To make the filling, dry toast the coconut in a small pan until nicely browned. Remove and set aside. Then toast the seeds, chile and cardamom (crack the pods to remove the cardamom seeds). Place in a small grinder and grind until quite fine and set aside. Mince the ginger and finely chop the onion. Combine everything in a mortar and pestle (perhaps in two batches if need be) to break the coconut until smaller pieces and begin to bring everything together.
To make the tart base, roll out the chilled dough, around 0.5 cm thick, or a bit thicker if desired, onto a floured surface. Cut into seven rounds using the fluted rim of a small tart pan. Place on a parchment lined baking tray and chill.

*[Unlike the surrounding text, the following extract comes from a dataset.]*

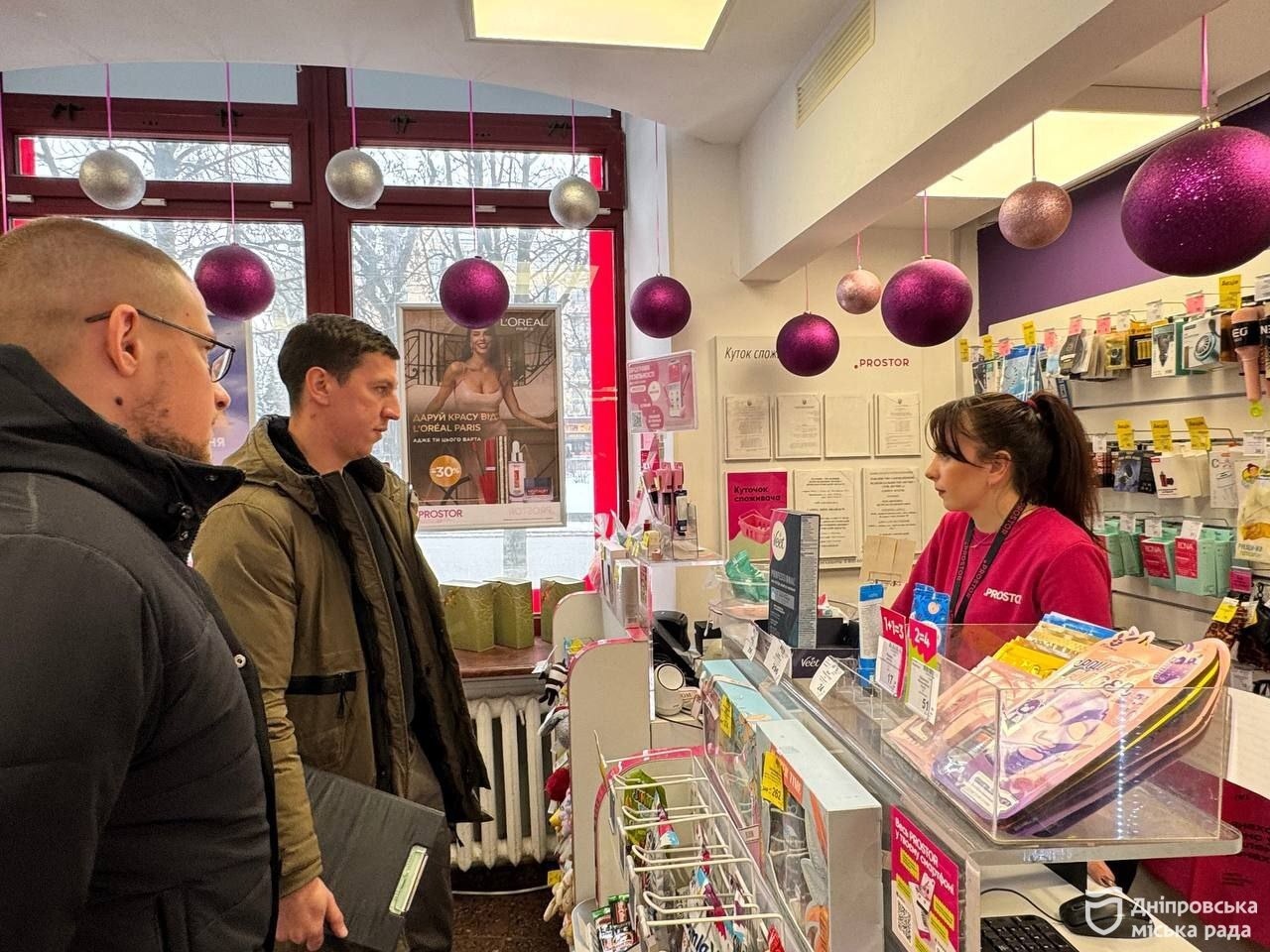 У Дніпрі посилили контроль за прибиранням снігу біля будівель та підприємств - 30.12.2025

Preheat the oven to 400F. Prick the pastry with the tines of a fork and bake for around 10 minutes. Then spread a generous spoonful of the filling over the centre of each partially baked tart. Bake for another 15 or so minutes at 350F or until each tart is baked through. Let cool.
To prepare the topping, Mix together the yoghurt and labneh. I did this to get a desired consistency of quite thick, but use whatever you have on hand to achieve the desired consistency. Finely chop the red onion and thinly slice a handful of mint leaves and mix into the yoghurt.
Slice the radishes in half and then slice thinly. Lightly toast the mustard seeds in a pan. Slice some additional mint leaves. To assemble, spread a generous amount of yoghurt on top of each tart. Arrange a generous amount of sliced radishes on top. Sprinkle with mustard seeds, a bit of paprika and sliced mint. Serve immediately.